I'm looking for  a recipe I've lost that was a family favorite.  It was called Elizabeth Salad and was made with lemon and lime jello and had crushed pineapple, cottage cheese, sour cream and milk.  Does anyone have a similar recipe they can share?


----------



## carnivore (Dec 5, 2003)

the 2nd recipe looks pretty close:

http://www.angelfire.com/home/carolynsscrapbook/recipes_salads.html


----------



## Linda Ahlquist (Dec 5, 2003)

*Thanks for the jello salad recipe*

My son will thank you too :!:  That looks very much like my old recipe.


----------



## Dove (Jan 3, 2004)

*Jello Salad*

Linda. 
Did you make the jello salad? If so, how did you like it?
Dove


----------



## tiggerbengal (Jan 4, 2004)

my granmother used to make the cottage cheese salad .. you can use different flavors, too. except the only difference, is that there was whipped cream in it.


----------



## Cindy Olson (Apr 8, 2006)

Linda Ahlquist said:
			
		

> I'm looking for  a recipe I've lost that was a family favorite.  It was called Elizabeth Salad and was made with lemon and lime jello and had crushed pineapple, cottage cheese, sour cream and milk.  Does anyone have a similar recipe they can share?

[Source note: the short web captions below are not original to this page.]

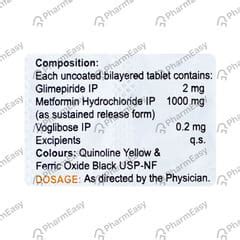 Voglow Gm 2mg Forte Strip Of 15 Tablets: Uses, Side Effects, Price ...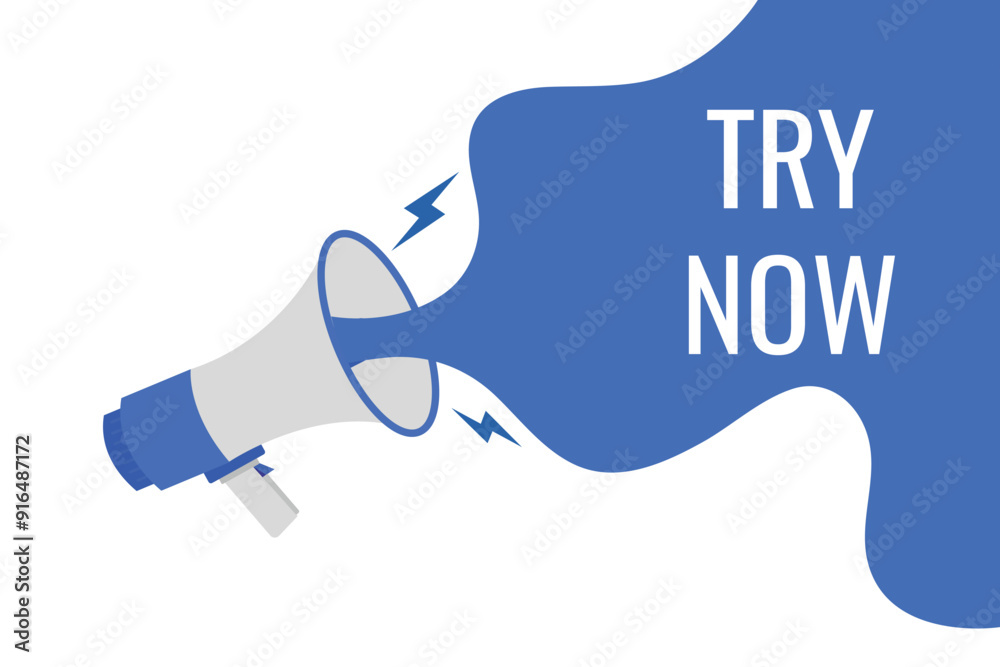try now button, banner, label, template for website. try now text with colorful megaphone icon
try now button, banner, label, template for website. try now text with colorful megaphone icon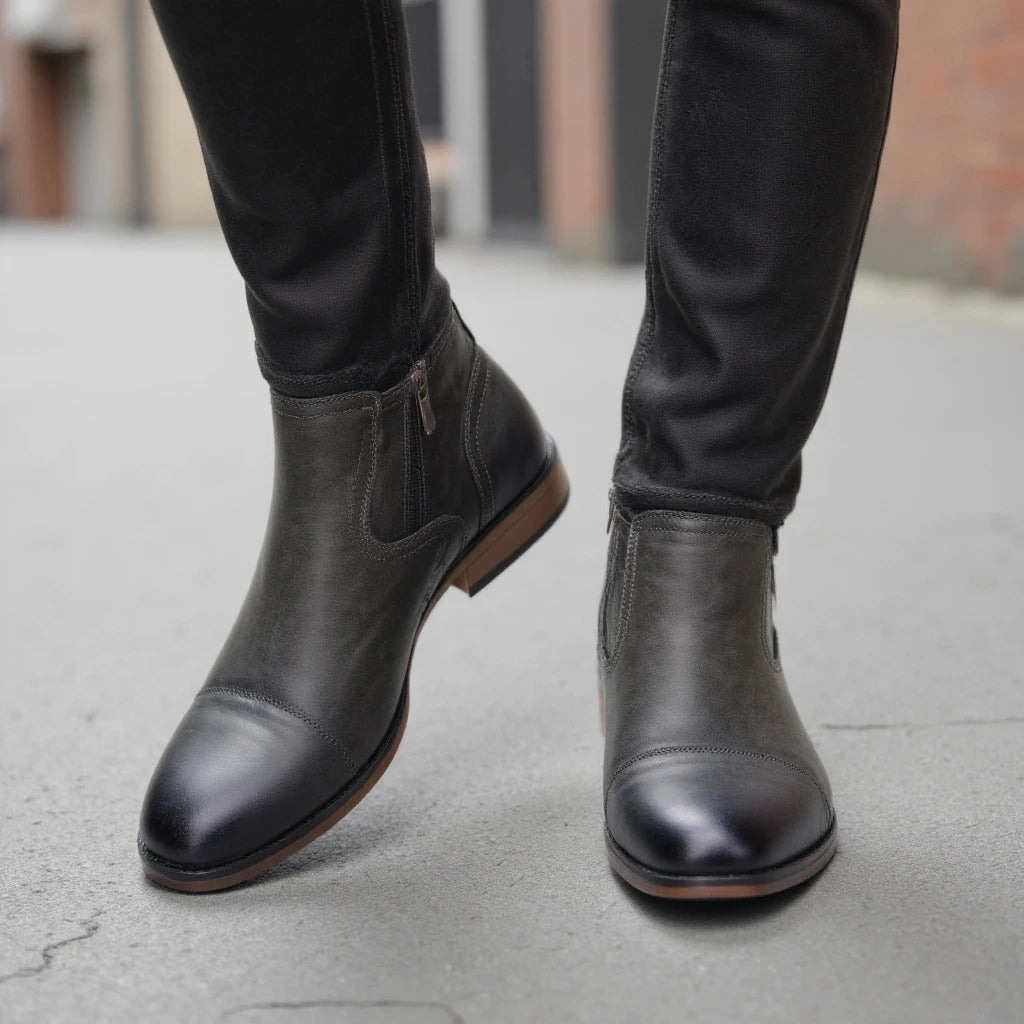Chelsea Boots with Cap-Toe Detail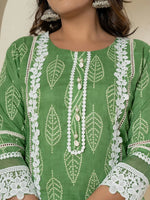 Thumbnail for Yufta Green Patch Work Pure Cotton Straight Kurta And Dupatta Set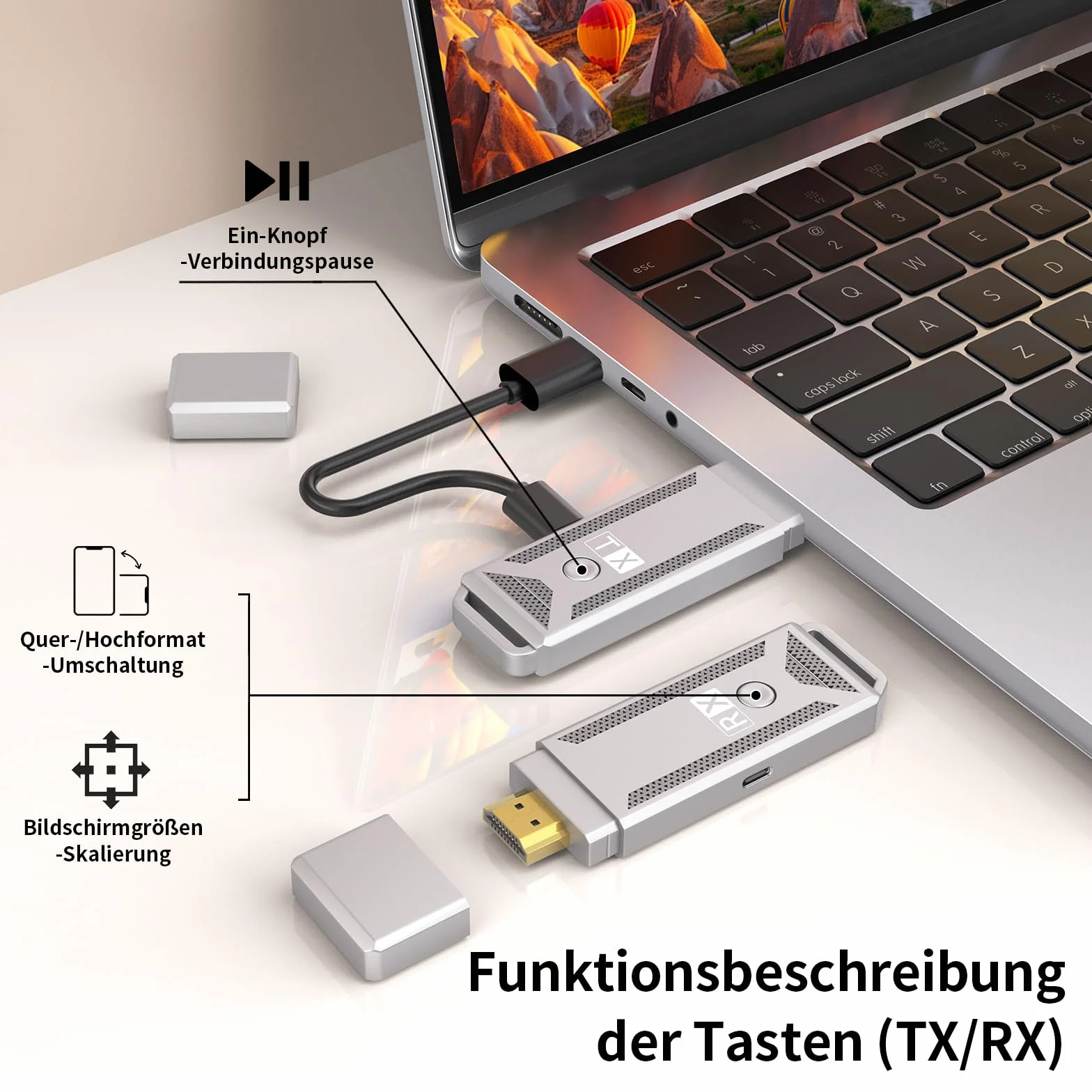 Bezprzewodowy transmiter i odbiornik HDMI [100ft, 4K do 1080p], 2.4G/5G Dual Band HDMI transmisja bezprzewodowa, Plug & Play do strumieniowego przesyłania plików wideo i audio z laptopa/komputera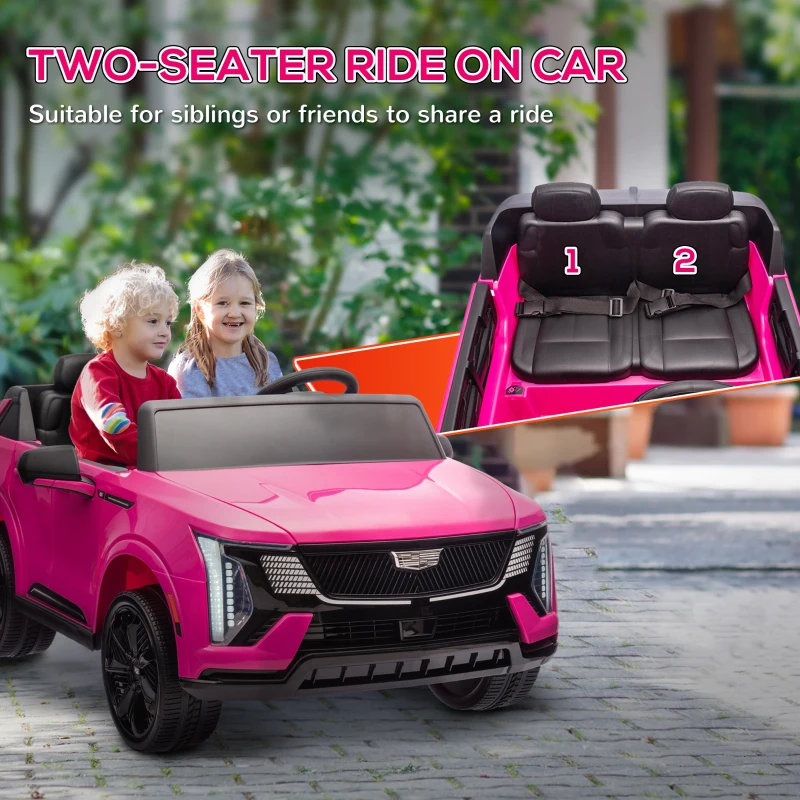 Qaba 2-Seater Ride on Truck, 12V Cadillac Escalade Licensed Kids Electric Car with Remote , Spring Suspension, Pink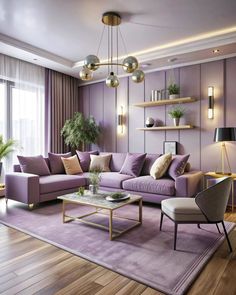 a living room with purple couches and lamps on the wall, wooden flooring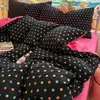 Nuevo juego de sábanas de cuatro piezas, sábana y funda de edredón suaves y acogedoras, juego de tres piezas estilo coreano ins para dormitorio de estudiante, adecuado para todas las estaciones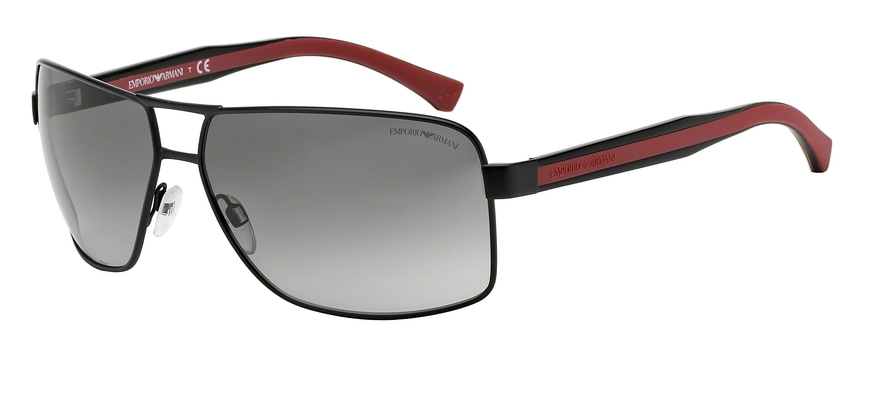 Emporio Armani EA 2001 3001/11 Black Red/Black Rectangle Men's Sunglasses | Polarized UV Protection | Fashion Luxury Shades for Driving, Travel & Outdoor Activities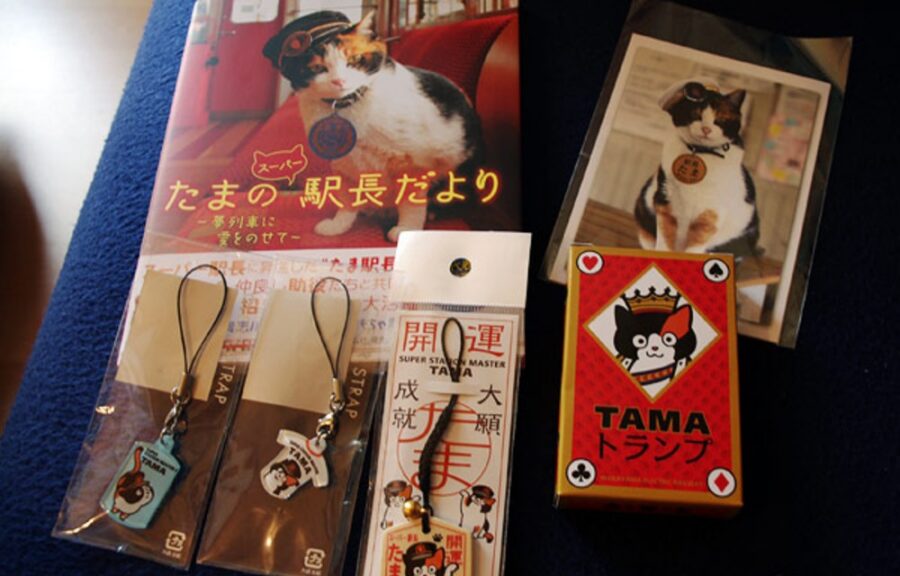 Merchandising oficial con la imagen de Tama dentro de la estación | Imagen: Zooming Japan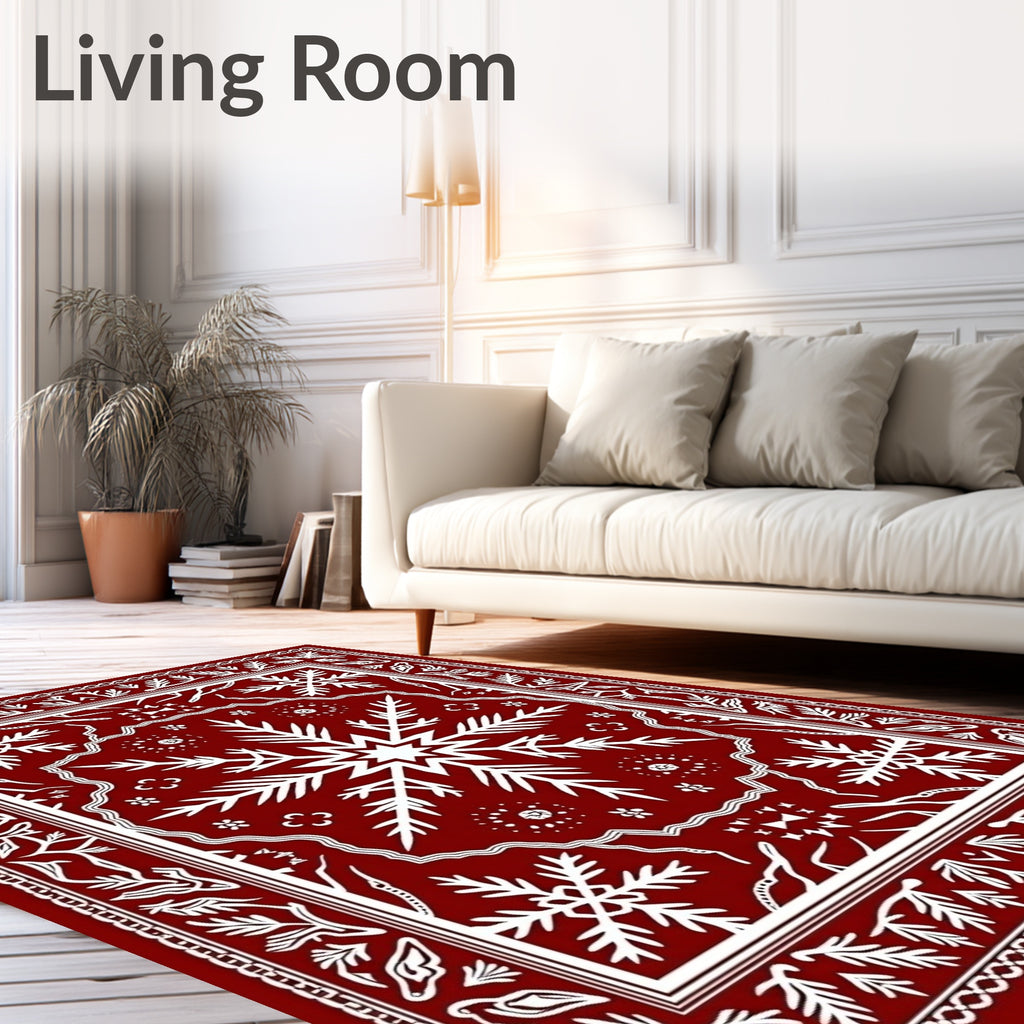 Winter Snowflake Mandala Design Rug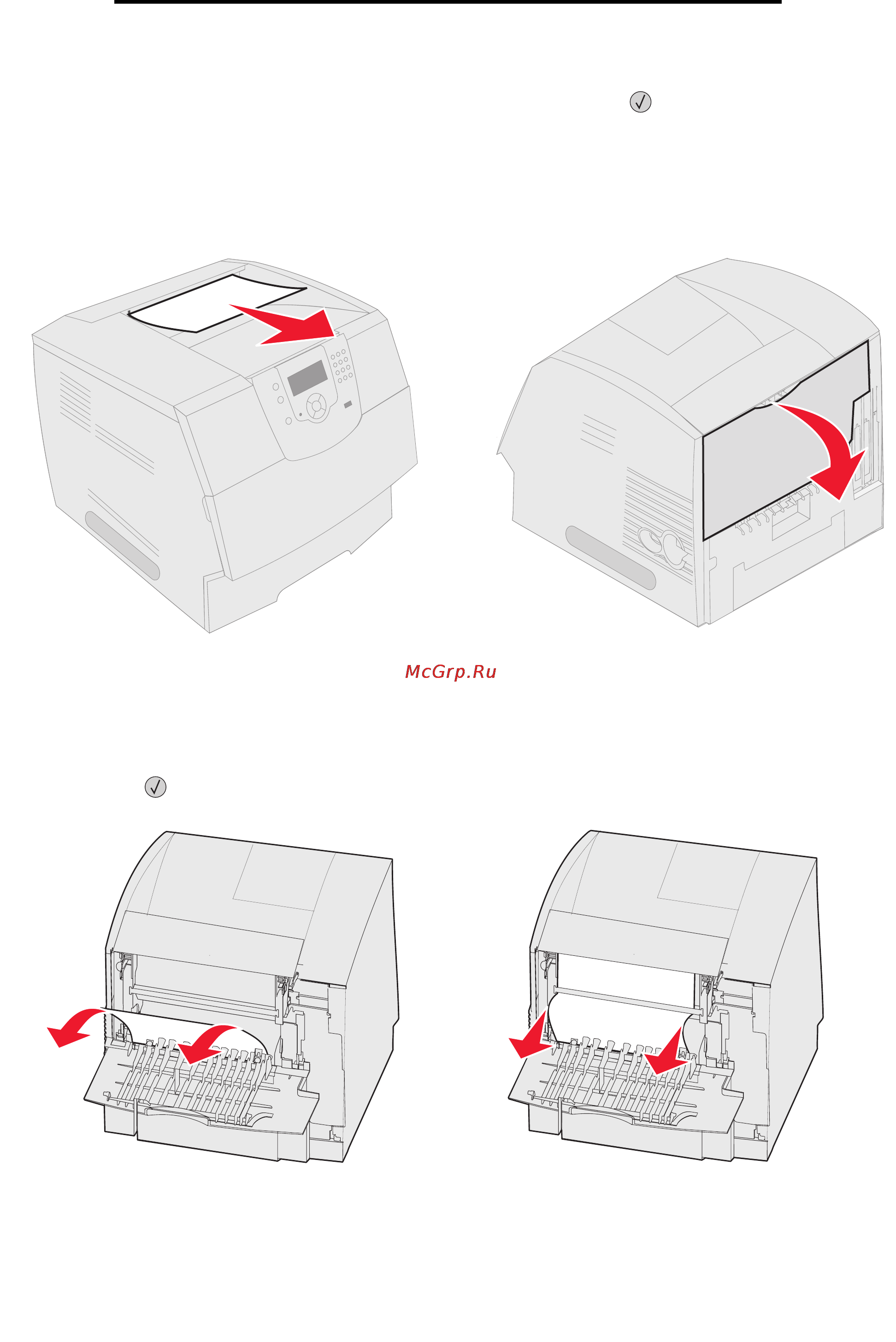 Lexmark T642 [97/135] Устранение замятия материала для печати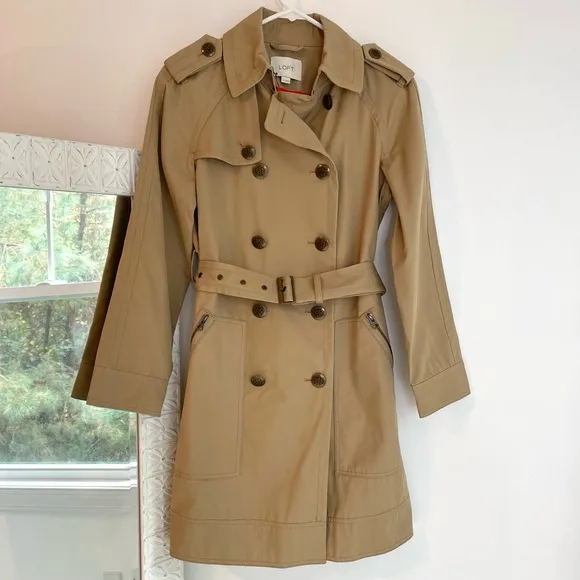 Loft Khaki Tan Crest Brass Button Trench Coat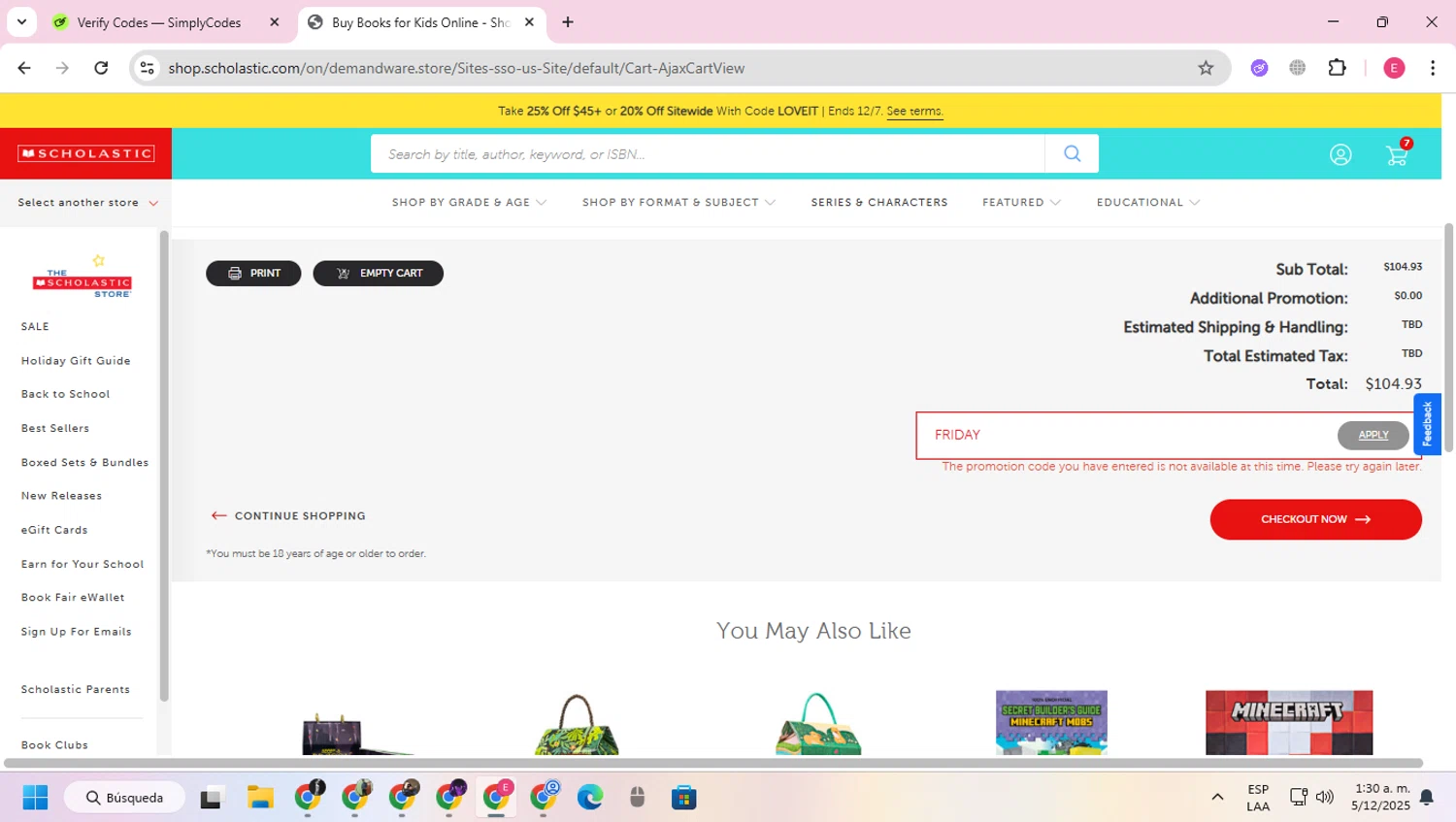 The Scholastic Teacher Store promo code screenshot showing code FRIDAY applied at The Scholastic Teacher Store checkout page. Uploaded by SimplyCodes community member VoucherExpert2930 on Dec 5, 2025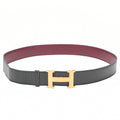 HERMES H Belt Belt 80 Box Calf Black x Rouge (Gold-Tone Hardware, Pre-Owned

Hi!  I have a wonderful recipe for the Lemon Lime jello mold....Still interested?  i would need to send it via e-mail...contact me at    kwehmhoff@hotmail.com... Bye for now!


----------



## Francesca43 (Jul 14, 2008)

*Elizabeth Salad*

Hi,

Here's my family recipe for Elizabeth Salad:

*Elizabeth Salad*​ Single Recipe
  1 pkg Lemon Jello
  1 pkg Lime Jello
  1 Cup hot water
  Place jello in bowl, float bowl in sink of  hot water (to help jello dissolve) and pour in 1 cup hot water.  Stir well to get as much of the gelatine to mix in as possible.
  1.5 Cups Sour Cream
  .5 Cups Milk
  1 Cup Cottage Cheese
  1 Cup Crushed Pineapple
  Add the above to jello mixture and stir.  Pour into mould and chill.  Garnish with extra sour cream and maraschino cherries.
Double Recipe
  2 pkg Lemon Jello
  2 pkg Lime Jello
  1.5 Cup hot water
  Place jello in bowl, float bowl in sink of  hot water (to help jello dissolve) and pour in 1 cup hot water.  Stir well to get as much of the gelatine to mix in as possible.
  3 Cups Sour Cream
  .5 Cups Milk
  2 Cups Cottage Cheese
  2 Cups Crushed Pineapple
  Add the above to jello mixture and stir.  Pour into mould and chill.  Garnish with extra sour cream and maraschino cherries.

Hope you like it.



Francesca


----------